Long QT syndrome (LQTS) is a channelopathy that can cause collapse and life-threatening arrhythmia through its prolongation of a fixed electrical interval (the QT interval), resulting in a vulnerable period that can then predispose to ventricular arrhythmia. The presentation of LQTS is variable: some individuals are asymptomatic, while others present with a variety of symptoms that can include palpitations, dizziness and/or syncope and, more rarely, cardiac arrest or sudden death. A prolonged QT interval on electrocardiogram (ECG) can be an acquired phenomenon through a number of mechanisms, which is why diagnosis must exclude inherited non-inherited causes such as electrolyte disturbance. In its inherited form, LQTS has been linked to variants in a small number of genes, with the majority following a pattern of autosomal dominant inheritance.

Clinical features

  • Individuals affected by LQTS may be asymptomatic, or may experience palpitations, dizziness and/or syncope. The first presentation may be cardiac arrest or sudden cardiac death.
  • Onset of puberty is associated with an increased symptom burden, and there are well-recognised risk variances between genders depending on age and genetic subtype.
  • In LQTS type 1, arrhythmias are associated with events that result in elevated sympathetic activity and adrenergic drive, such as intense exercise and emotional stress (for example, swimming and diving).
  • In LQTS type 2, auditory stimuli are a recognised trigger, and the postpartum period is a time of elevated risk.
  • In patients with LQTS type 3, events tend to occur during rest or sleep, when the QT interval is prolonged at slower heart rates.
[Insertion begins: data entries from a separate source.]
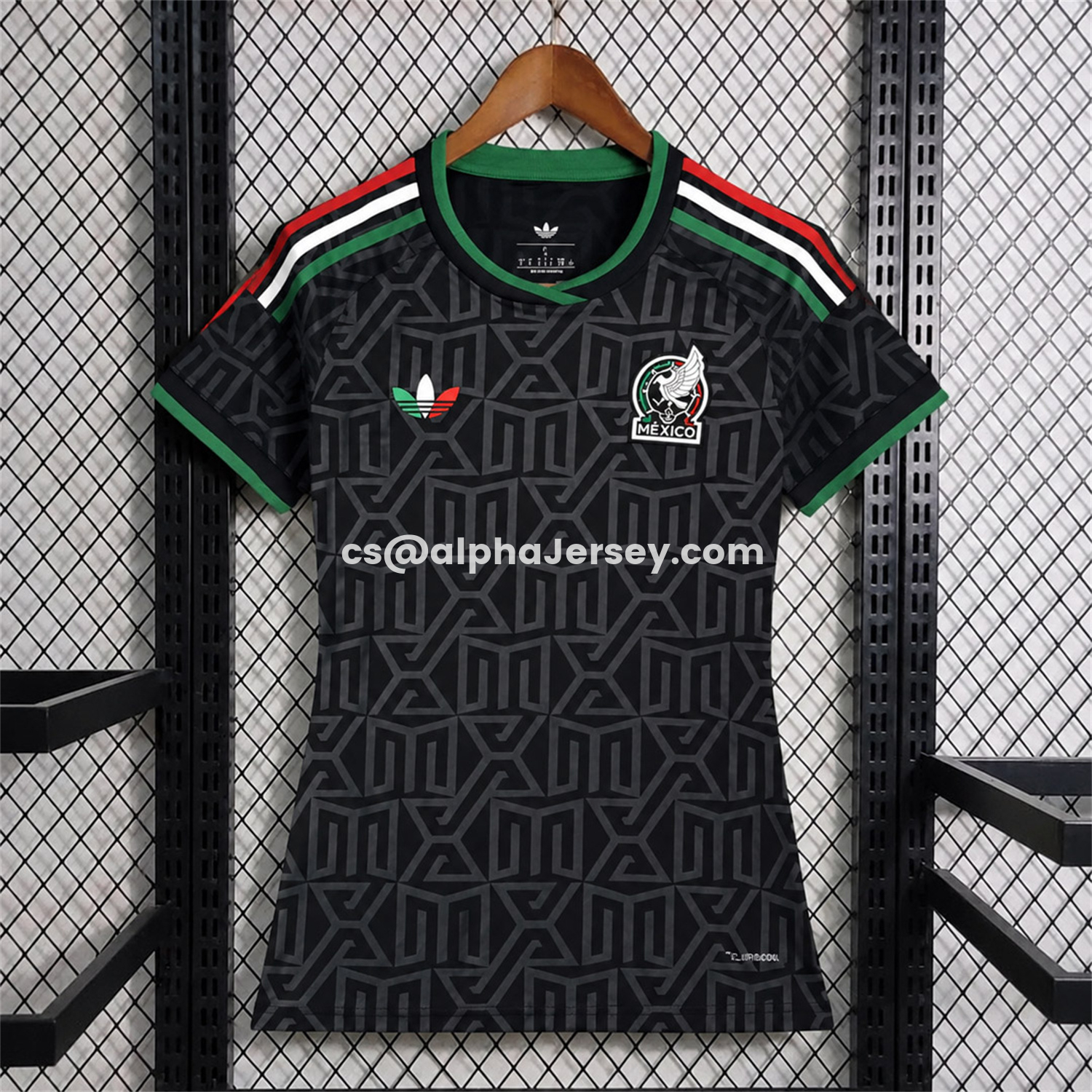 AJ-AlphaJersey-Women's Mexico 2026 Third Jersey - Fans Version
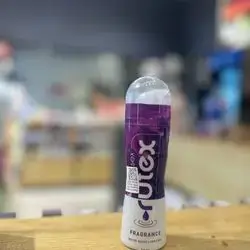 Rutex Extra Fragrance Water Based Lubricant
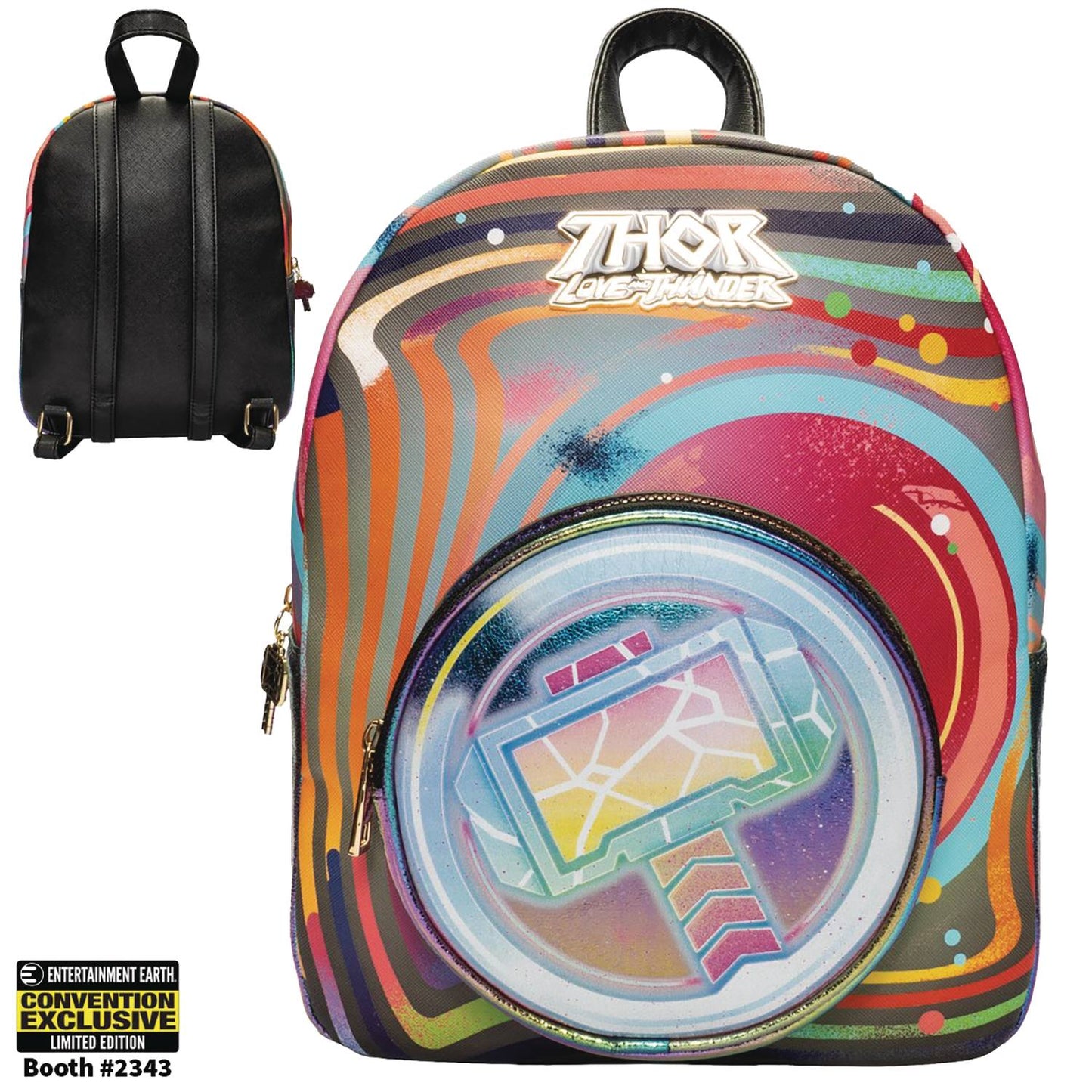 THOR LOVE & THUNDER MINI-BACKPACK (NET) (JUL229030) (C: 1-1-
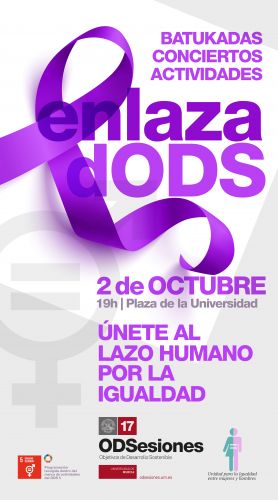 La presidenta del colegio participará en el acto de inauguración del ODS5 "Igualdad de Género"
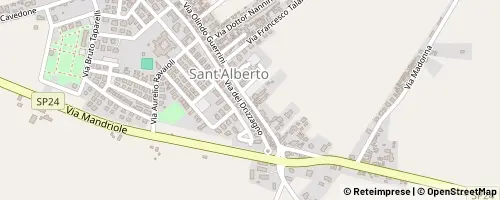 Mappa Ravenna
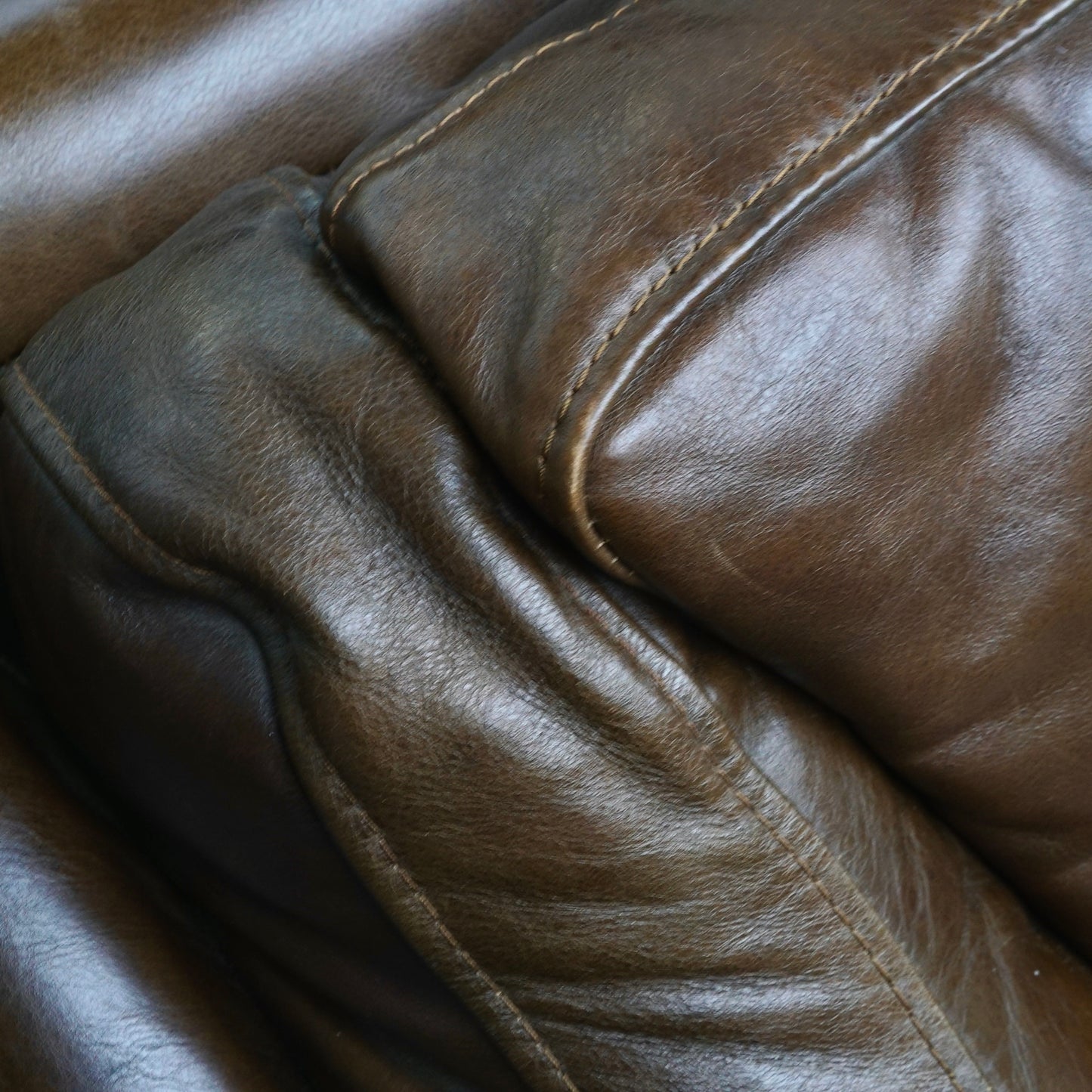Halo Brown Leather Armchair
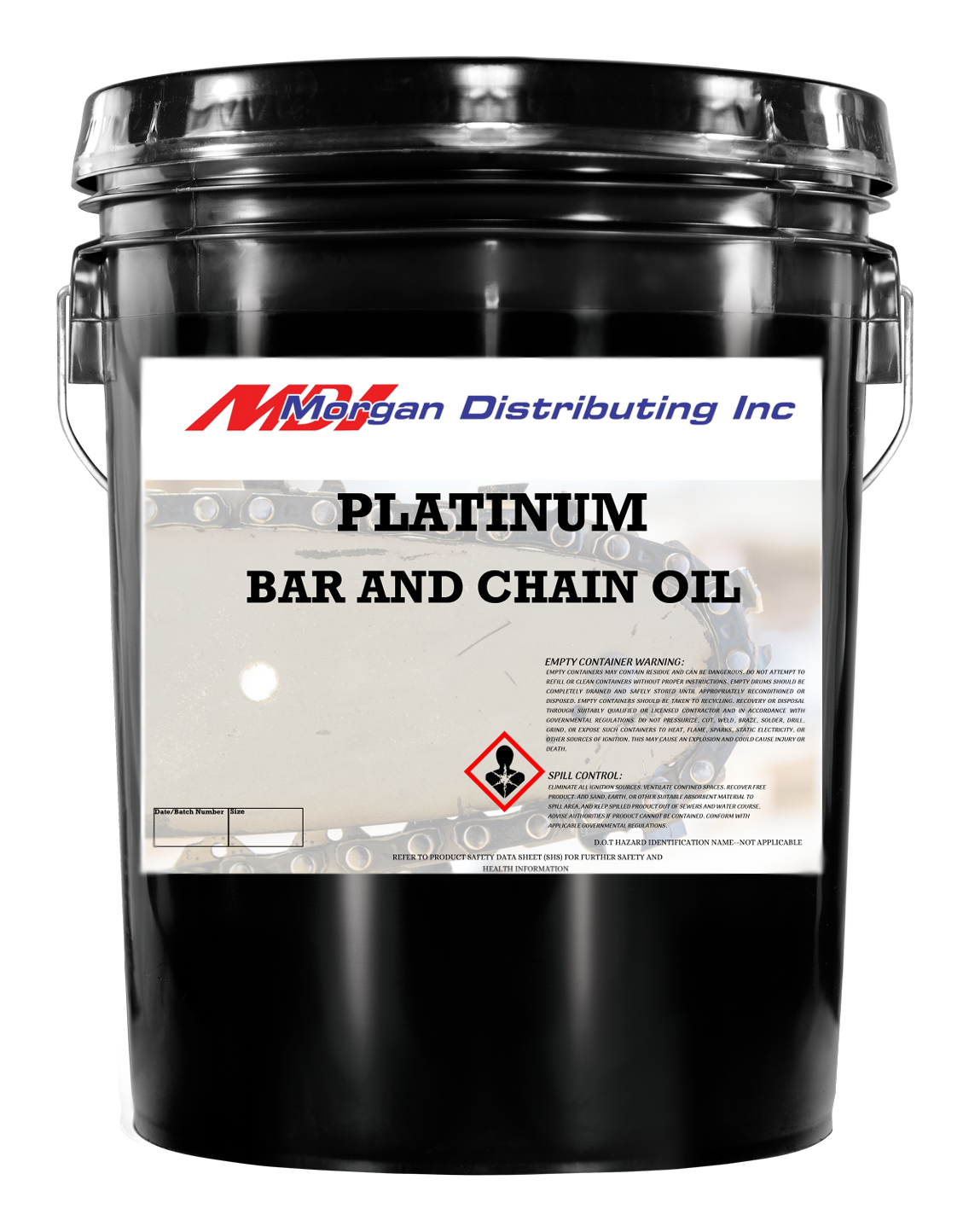 Platinum Bar & Chain Oil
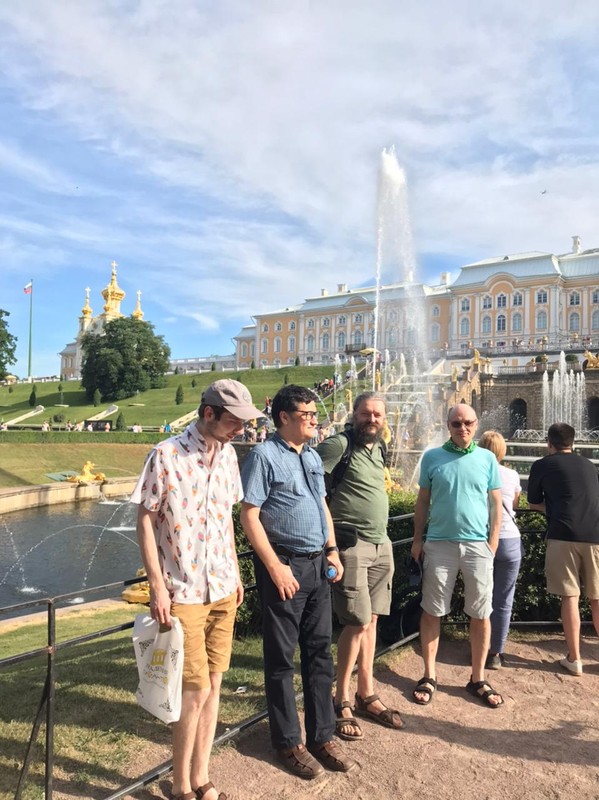 Фото 10 - В Петергоф на скоростном судне: экскурсия по Нижнему парку и Большому дворцу
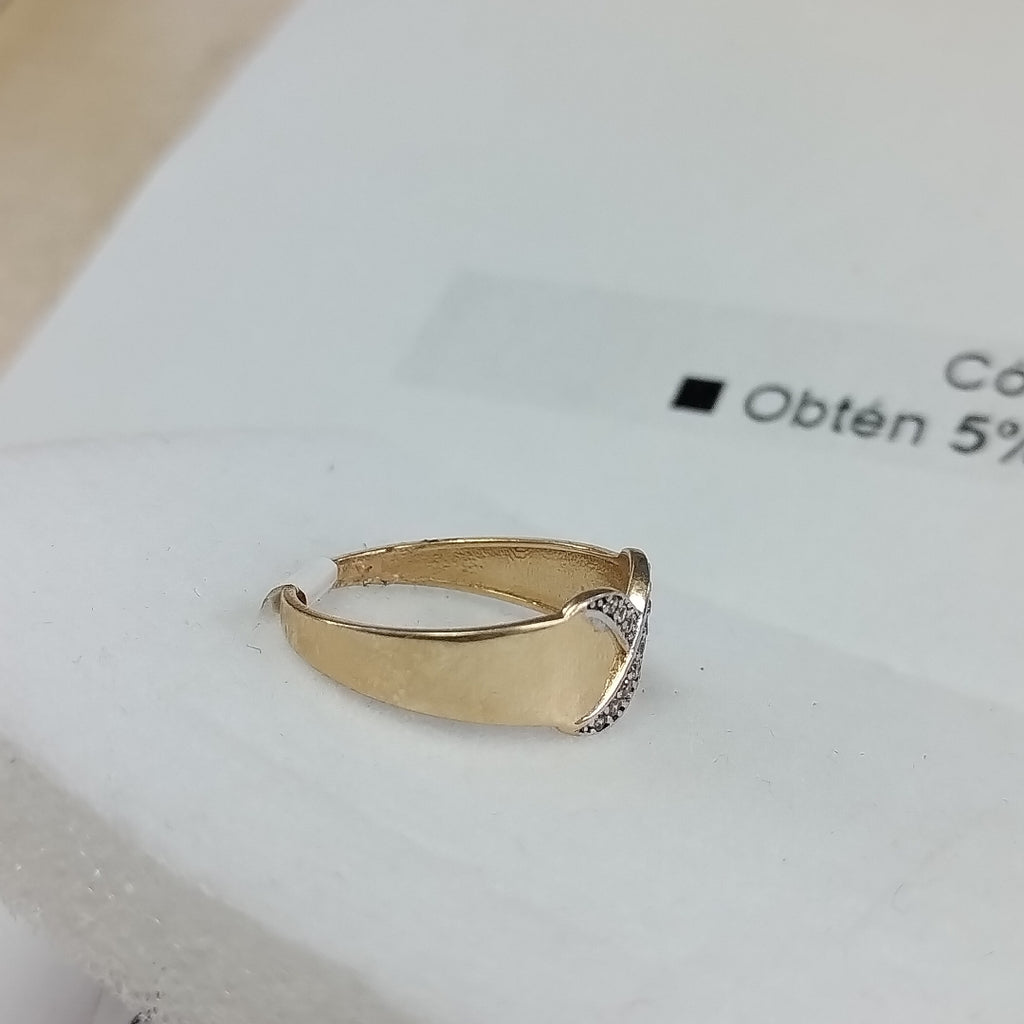 ANILLOS DAMA ORO 14K 2.1 (NUEVO)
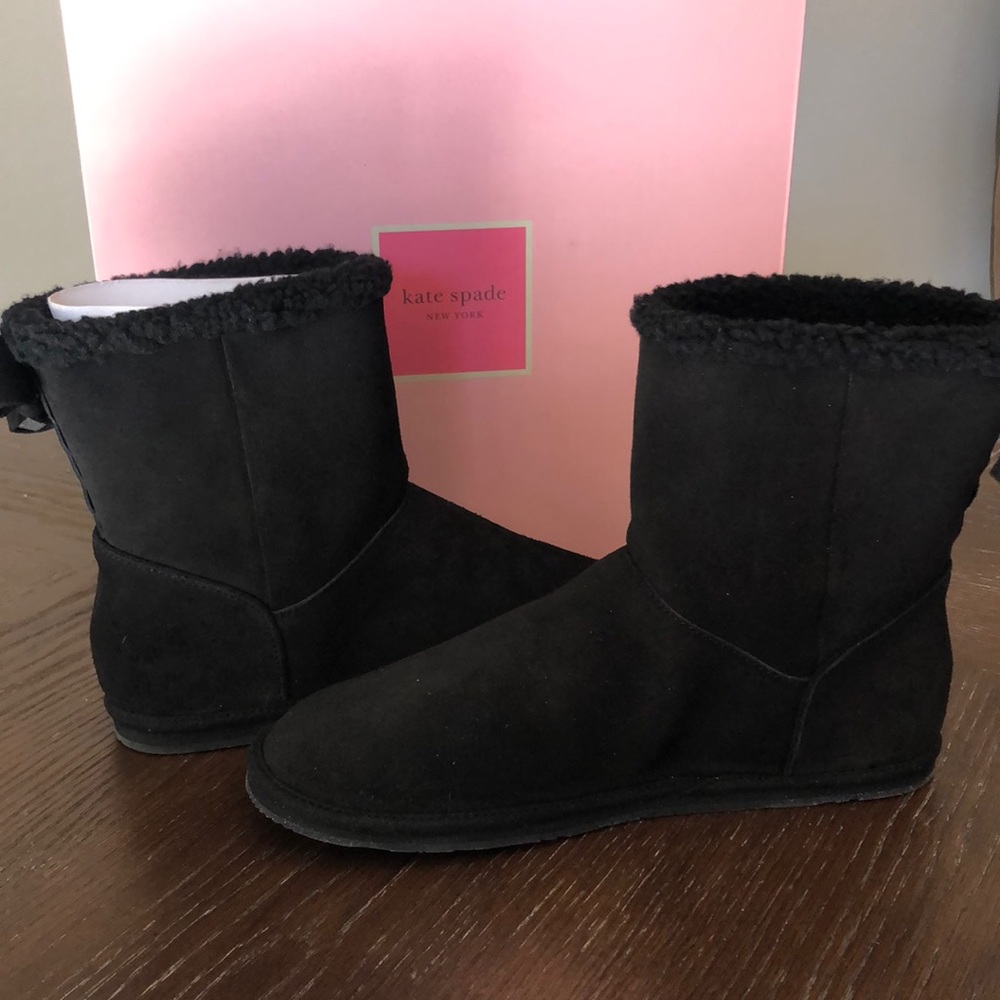Brand new Kate Spade suede boots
Figure 1: ECG demonstrating QT prolongation in a patient with Jervell and Lange-Nielson syndrome

ECG demonstrating QT prolongation in a patient with Jervell and Lange-Nielson syndrome.

 

Genomics

  • There are numerous subtypes of LQTS, defined by the associated gene – though variation in phenotypic presentation is well recognised.
  • Depending on the quality of the clinical phenotypic, genetic yield is in the region of 60%.
  • The vast majority of those genetically diagnosed have a variant in one of the three most commonly associated LQTS genes: KCNQ1 (LQTS type 1), KCNH2 (LQTS type 2) and SCN5A (LQTS type 3). It is thought that these genes account for over 90% of the variants seen with an autosomal dominant pattern of inheritance.
  • Penetrance is high, though expression can vary between individuals.
  • Some subtypes of LQTS are associated with very specific and malignant phenotypes. Examples include:
    • Andersen-Tawil syndrome (caused by variants in KCNJ2, inherited in an autosomal dominant pattern), also known as LQTS type 7, which is associated with a prolonged QT interval, frequent (often bidirectional) ventricular arrhythmias, periodic paralysis and dysmorphic facial features;
    • Timothy syndrome (caused by variants in CACNA1C, inherited in an autosomal dominant pattern), also known as LQTS type 8, which is associated with syndactyly, specific facial features such as micrognathia, immunodeficiency, congenital heart disease and neurodevelopment delay); and
    • Jervell and Lange-Nielson syndrome (caused by biallelic variants in KCNQ1 or KCNE1, inherited in an autosomal recessive pattern), in which QT prolongation is associated with sensorineural hearing loss and the QT interval tends to be particularly prolonged, with a higher risk of arrhythmias.

Figure 2: The genotype-phenotype relationship for long QT syndrome types 1, 2 and 3

Genotype–phenotype relationship for the three most important subtypes: types 1, 2 and 3. I Kr, rapidly activating delayed rectifier potassium current; I Kr, rapidly activating delayed rectifier potassium current; I Na, L, late sodium current; LQTS, long QT syndrome; ↓, decrease; ↑, increase; +, therapeutic effect size of β-blocker therapy.

Reproduced under Creative Commons Attribution 4.0. Originally published by Heart 2022 (see references list below).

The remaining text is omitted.